Ja wczoraj plewiłam między ziemniakami, ale po 2 godzinach mi przeszło. Gorąco, parno, mrówki łażą po nogach… 🙄
Przy wąchaniu róży pszczoła o mało nie użądliła mnie w nos… 🙁
Plewienie jest gorsze niż prasowanie, odkurzanie i zmywanie razem wzięte 🙄 Dobrze, że jest w rodzinie amator tego zajęcia.
OK, kołki w zęby i do roboty. Idę sadzić brukselkę w miejsce zamordowanej przez pędraki sałaty. Kapustnych jakoś nie ruszają.
Z tymi odpadami to jak u nas. Osobno: w zielonym wszelakie ogrodowe, w żółtym plastiki, papier, puszki, w czerwonym generalne śmieci.
Kosze żółte i zielone wywożone raz na dwa tygodnie (zamiennie), czerwony co tydzień.
Teraz to jeszcze jako tako – ziemia wilgotna, gorzej latem gdy ziemia zamienia się w skorupę.
Zgadzam się, że plewienie jest gorsze 🙂 zwłaszcza w upale.
Zastanawiam się dlaczego repliki przedwojennych, zniszczonych pomników są brzydsze od oryginału. Ten poznański, przedwojenny też nie był piękny (delikatnie powiedziane 😀 ), ale obecny to…
Mam nadzieję, że jednak nie stanie przy Malcie ani w centrum.
W Bydgoszczy przed wojną istniała interesująca fontanna „Potop”. Wszyscy mieszkańcy i turyści fotografowali się przy niej. Była tak popularna, że repliki stanęły w Coburgu i Eisleben. W czasie wojny rozebrano jej elementy i przetopiono na cele wojenne.
Teraz fontannę zrekonstruowano na podstawie starych zdjęć i tej zachowanej częściowo w Coburgu. Jednak na przykład przedwojenny niedźwiedź (dzieło pana Lepcke z Berlina) wyglądał jak niedźwiedź. A ten obecny musiał być poprawiany, bo to co na początku pokazał rzeźbiarz różniło się od oryginału na niekorzyść 🙂 I nadal wygląda inaczej.
Ale i tak uważam, że fontannę warto było zrekonstruować, poznański pomnik niekoniecznie.

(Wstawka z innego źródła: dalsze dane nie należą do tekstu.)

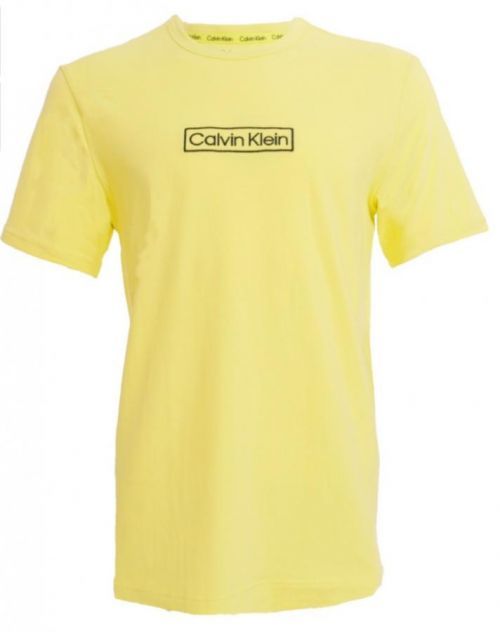 Pánské triko s krátkým rukávem NM2268E ZJB žlutá - Calvin Klein M žltá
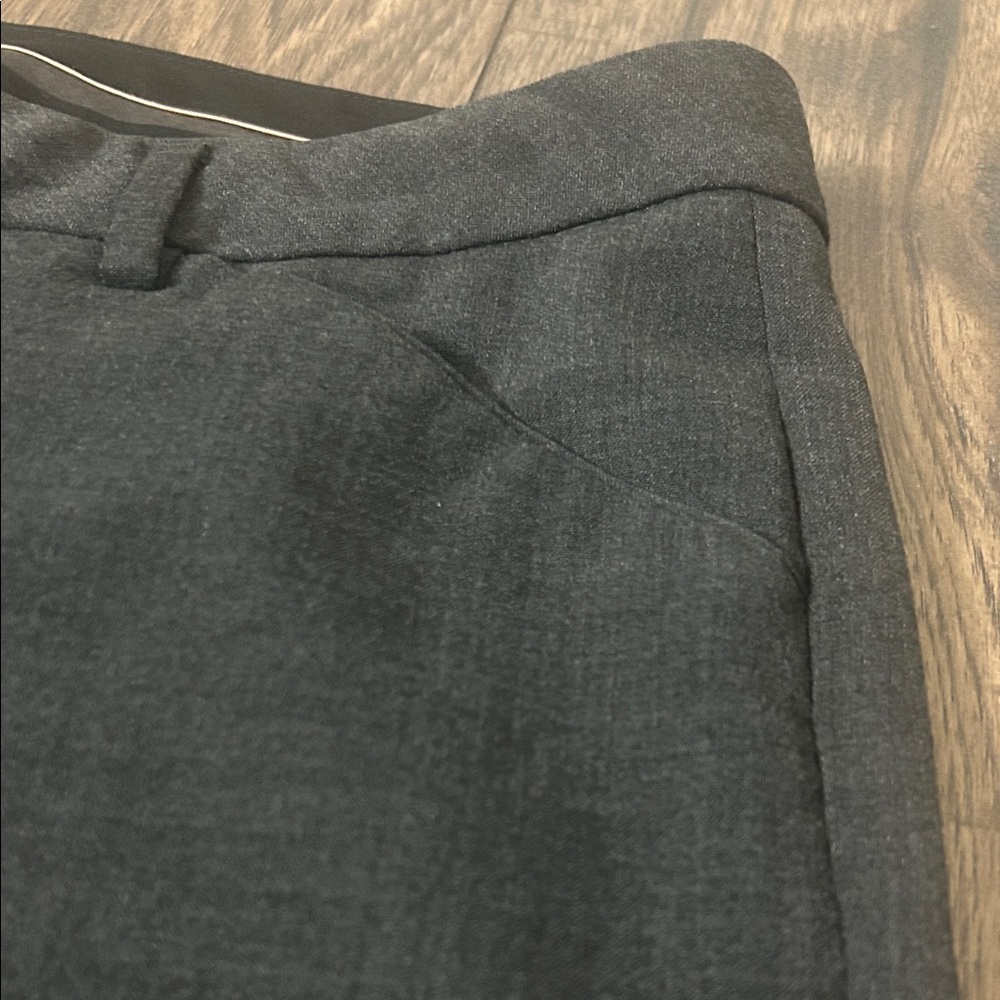 GAP Perfect Trouser Women’s Size 12L Grey Plaid Dress Pants 35.5” Inseam - Picture 4 of 6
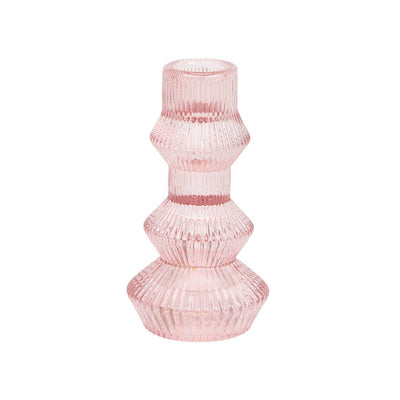 Ribbed 3-Tier Candle Holder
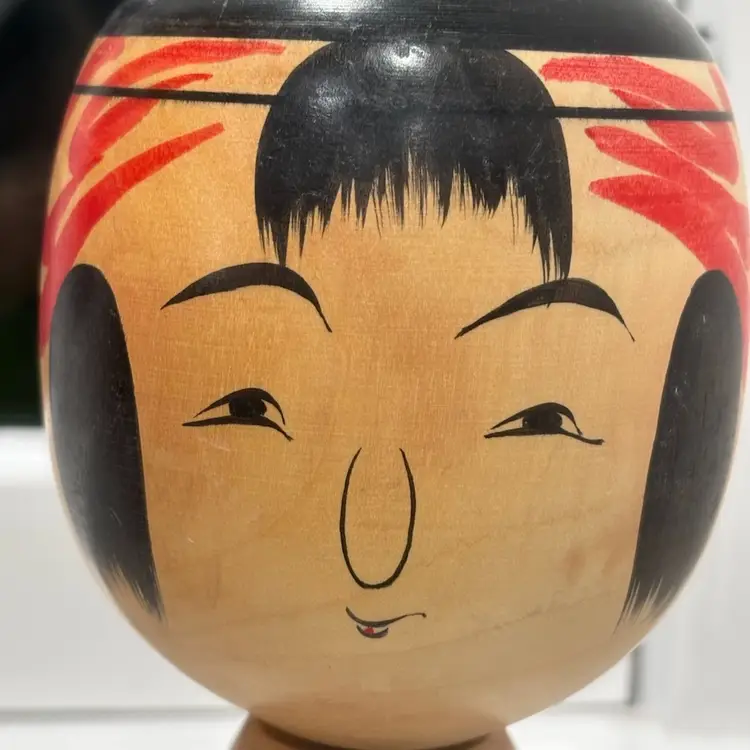 Vintage 17” Kokeshi Doll Signed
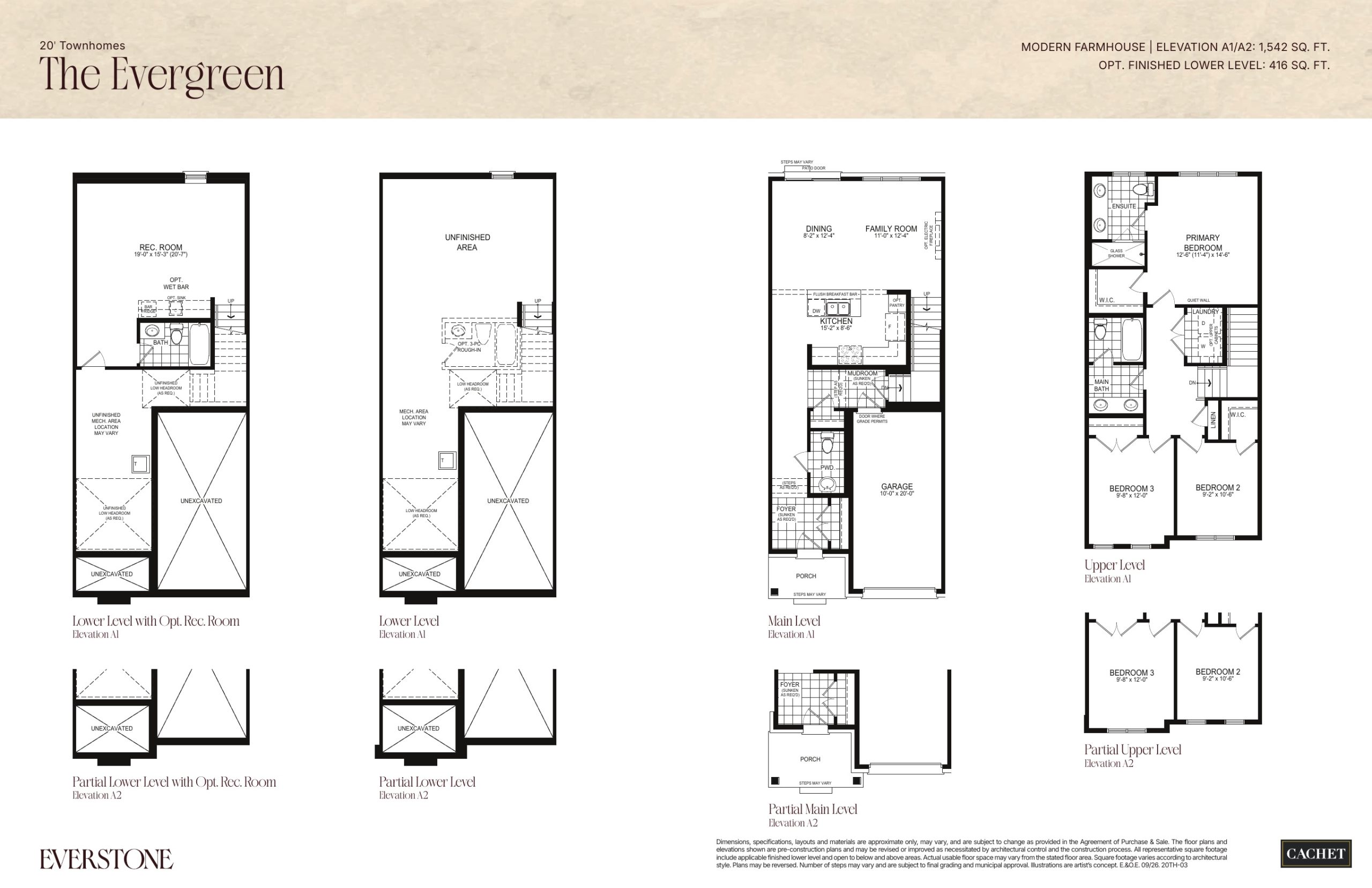 Evergreen - Elevation A1 - 20TH-03 plan preview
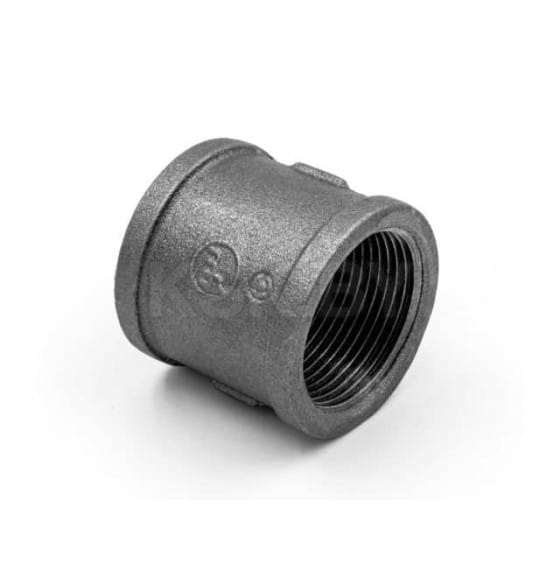 Муфта 1 1/4" вн.-вн. чугун черный AV Engineering AVEC451000114 (AVEC451000114) 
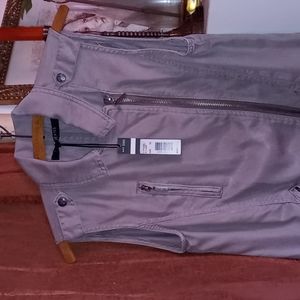 Max Jeans Olive Military Vest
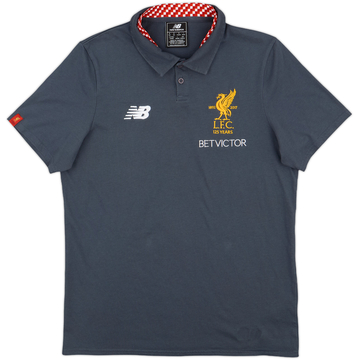 2017-18 Liverpool New Balance Polo Shirt - 8/10 - (M)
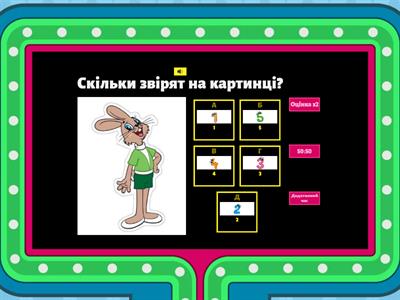   Лічба в межах 5.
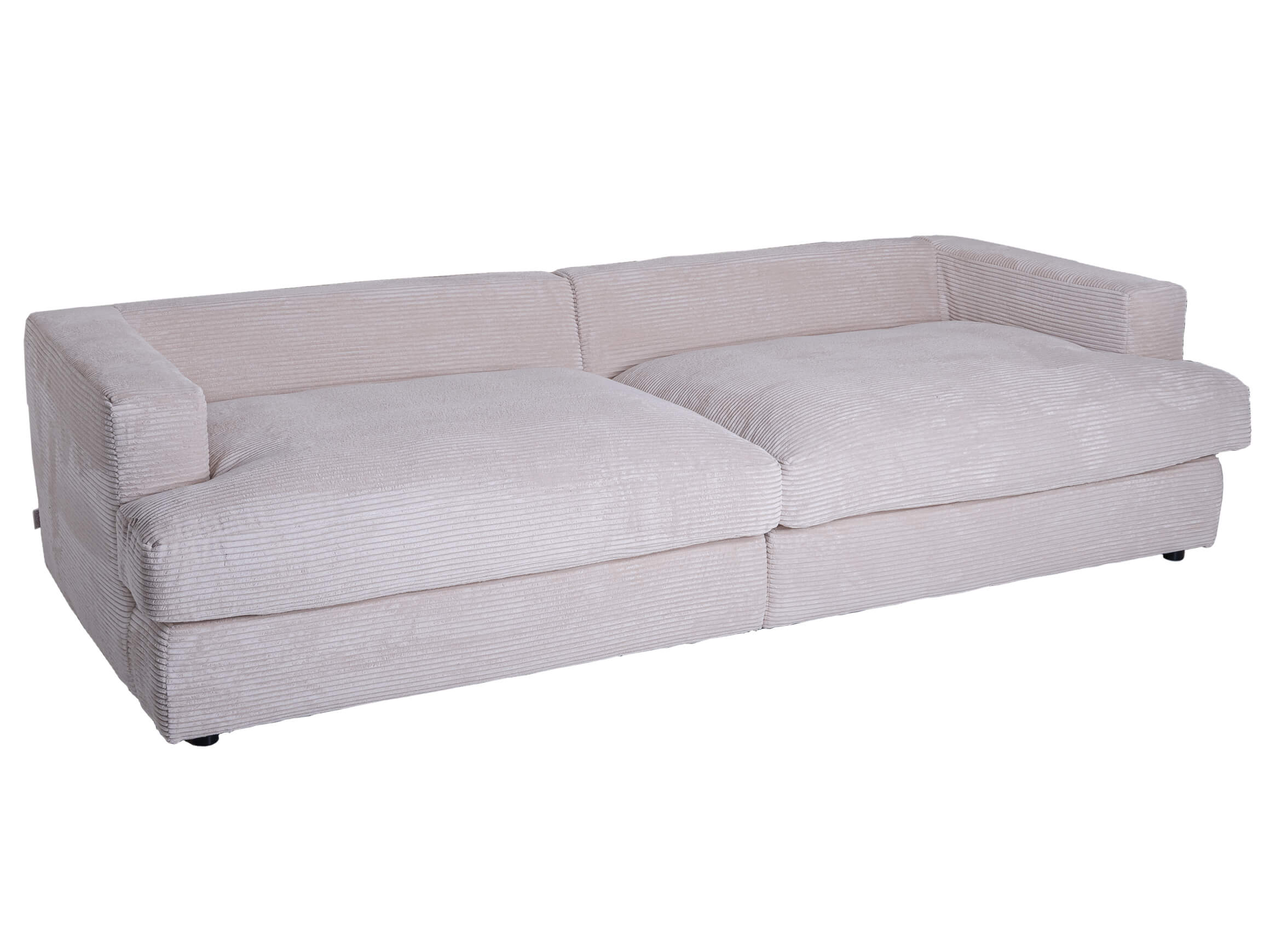 Megasofa Locarno Gutmann / Farbe: Creme / Bezugsmaterial: Stoff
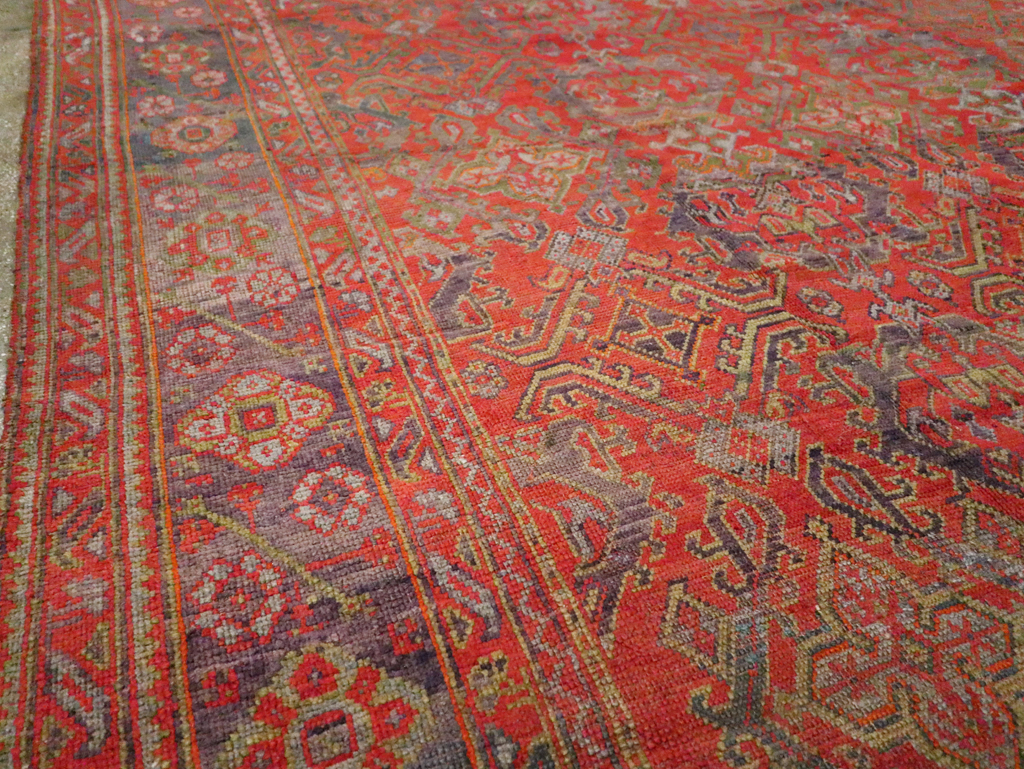Antique Turkish Oushak Carpet, No.25099 - Galerie Shabab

Przedwojenny Potop: http://www.potop.bydgoszcz.pl/bydzia_old/bydzia_old%20%28064%29.html
Współczesny Potop: http://www.pobydgosku.pl/2014_06_01_archive.html
Pyro, w łeb to ja mam ochotę dać 👿 Zgadnij komu? 😉
Ten poznański już przed wojna podobał się tylko ludowi i kurii. Obydwu grupom z tego samego powodu – był wielki i pełen patriotyczno – religijnej symboliki. Jest tego tyle, że starczyłoby na 2-3 monumenty. Ponadto ciężka, architektoniczna bryła, trójnawowa miała w założeniu równoważyć wielkie budowle (wszystkie w stylu neo-renesansu) postawione wokół placu przez Niemców. Na nieszczęście te budowle były dobrze zaprojektowane i starannie wykonane, a sam ciąg tzw „krugu” alias „corso” czyli ulic w miejscu murów miejskich i umocnień, rozszerzające się w plac dużej urody z perspektywą zamkniętą bryłą Opery, nijak się miał do założenia placu, za to zburzył jego harmonię i perspektywę. Przy okazji popełniono gruby nietakt – tam stało kiedyś popiersie Bismarcka – udane, lekkie, bo wyniesione na niewielkiej kolumnie. Polacy pomnik usunęli i mieli do tego prawo. Ale nie przenieśli do muzeum, ani nie oddali właścicielom – symbolicznie wzięli odwet: przetopili kanclerza i metal wzbogacił figurę Chrystusa. Artyści protestowali, Niemcy protestowali i jak tylko weszli – rozpirzyli ten fort artystyczny.
Pokazy lotnicze na ławicy, ale samoloty wojskowe latają z Krzesin – tam też lądują po pokazach. Gdzieś tu nad naszymi osiedlami jest droga dolotowa na ławicę. Wyznaczają ją czerwone i białe światła na wysokich, „16-tkach”. Zwykle jest to zupełnie nie dokuczliwe, bo z kierunku wschodniego i płd wschód latają tylko rejsowe i kurierskie o stałych godzinach i na małych ciągach. Dzisiaj inaczej – maszyny bojowe, które dopiero nabierają wysokości, albo już z niej schodzą, ryk silników na dopalaczach przy niewielkiej wysokości – każdy przelot czuje się w kręgosłupie, a biedny pies rozpłaszcza się pod ławką. Zbędny ruch, piesku – zanim ty się położysz, to jego już nie ma – przeleciał. I tak co 2 godziny. Jutro c.d.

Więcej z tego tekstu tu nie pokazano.